Brad McCormick wrote:
> I worked on a big educational website (just a
> lot of HTML an Javascript -- pretty "simple"
> stuff, as computer programming goes!), where,
> every time Netscape came out with a new
> "maintenance release" of their web browser, it
> was time for me to find out how it would
> cause my application to break "this time", so
> that I'd expect to spend from a few hours to
> a few days getting back to where I had been
> before.

Well, that's how the guild of programmers makes sure they'll _never_
run out of work.  Micro$oft is the master of this particular "art" of
"creating" work (and income!).  I know of a big corporation that
first migrated all their applications from DOS to Unix, and a few
years later "back" from Unix to Windows.  Some "smart" programmers
got really rich of this back-and-forth (or rather, forth-and-back!),
without "creating" anything -- just migrating the same applications.
Another big company is now desperately looking for some "genius" to
"sidegrade" their 600 PCs from Windows 95 to Windows NT (talk about
"industry standard"!) -- to later "backgrade" to Windows 00, probably.

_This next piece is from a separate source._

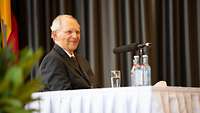 Wolfgang Schäuble an einem Tisch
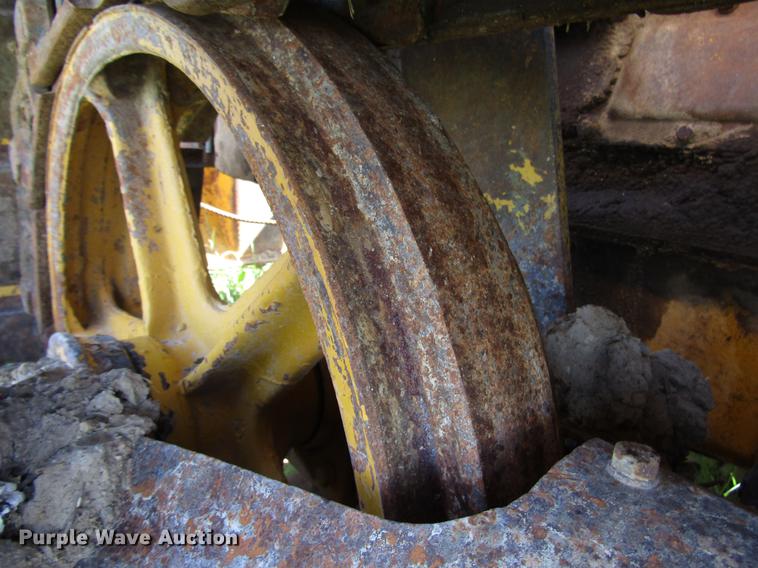 image for item DG1230 Caterpillar dozer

If other industries would finally "learn" this art, it could be the
end of unemployment. ;-)
(Who will *pay* this idling nonsense is a different question, of course.)

Cynically yours,
Chris



___________________________________________________________________________
CORPORATION, n. --  A miniature totalitarian state governed by an unelected
hierarchy of officials who take a dim view of individualism, free speech,
equality and eggheads. The backbone of all Western democracies.